One is the fact that General Dostum's forces had a dramatic warning as the prisoners were being taken into the Qala-e-Gangi fortress that some of them were armed and of a mind to continue fighting. Mark Kukis relates what happened, apparently based on the account of Sayed Damel, Gen. Dostum's security chief:
Kamel and a group of Alliance commanders watched nervously as the prisoners began to descend from the trucks. Things went wrong immediately. One of the first captives off the trucks strode over to the group of commanders, throwing himself at their feet, clutching an armed grenade to his chest. The prisoner looked up at the surprised men, cathcing their eyes for a moment before the blast. Kamel dove for cover and shouted for the others to do the same, but they moved too slowly. The grenade went off, killing two Alliance commanders, severely wounding a third, and tearing the suicide attacker's body nearly in half.
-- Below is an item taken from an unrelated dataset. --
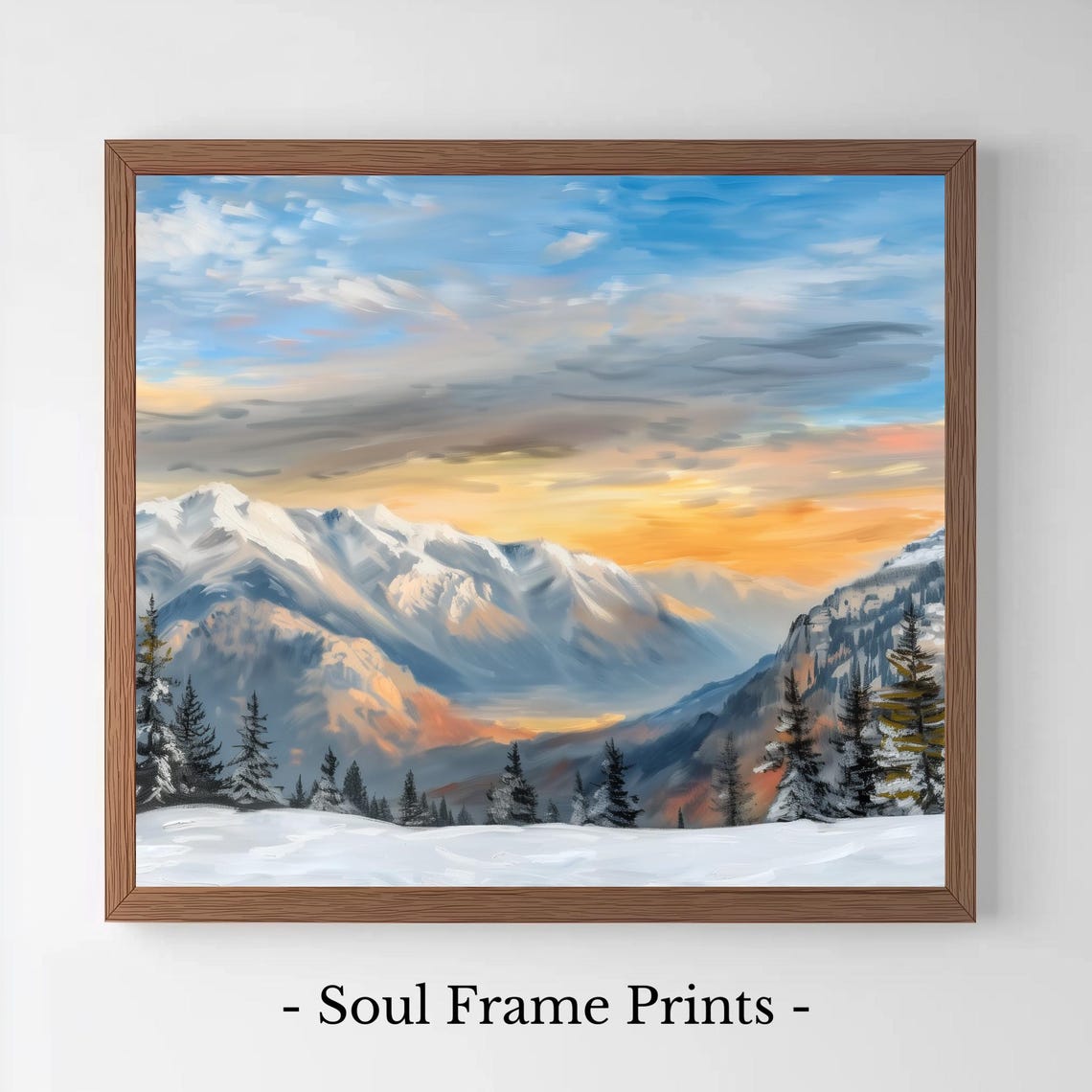 Snowy Mountain Valley Golden Hour Winter Peaks Landscape Art Poster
The blast set off a momentary panic, but quickly the Alliance guards regained control and began herding the captives into the basement hold of the pink building. Originally, they had planned to search each prisoner carefully before sending him into the cells, but the attack and the darkening skies forced the Alliance guards to drive the group en masse below ground, knowing then that many still carried arms. (my emphasis)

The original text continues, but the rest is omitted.